Numerical Methods YouTube Video Progress

Since January 2009, I have been videotaping numerical methods course lectures in the Educational Outreach studio of University of South Florida, Tampa. Videos are made in 10-minute segments, not just because that is the limit of the length of YouTube videos, but because we firmly believe in making our resources pedagogically neutral. Ten minute videos allow an instructor to pick and choose what, when and how he or she wants the students to learn.

But some people have asked me – Why YouTube – why not put the same 10-minute videos on your own website. We do have the links to the YouTube videos on our own website, but there are many good reasons to go the YouTube route. The list of reasons below may be obvious to some, while others may not have thought about some of them.

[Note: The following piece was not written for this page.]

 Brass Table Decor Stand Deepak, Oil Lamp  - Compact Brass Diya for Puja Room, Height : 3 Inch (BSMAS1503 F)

1. Use YouTube’s storage space for the videos.

2. Use YouTube’s compression technology to make the videos stream faster on slow connections.

3. Use the power of Google and YouTube to tag and search the videos.

4. Use YouTube’s bandwidth as opposed to that of my school. My school’s IT department most probably would start screaming when the downloads pick up pace.

5. Use YouTube’s editing facilities to add annotations, links, and play lists.

6. Use the ubiquity of YouTube to reach a large audience.

7. Simple one stop process to let others embed the videos on their website.

8. Have open discussion on the videos via comments.

9. Get the videos rated so that we can judge their quality.

10. Use the “insight” tool of YouTube to analyze who is watching the videos.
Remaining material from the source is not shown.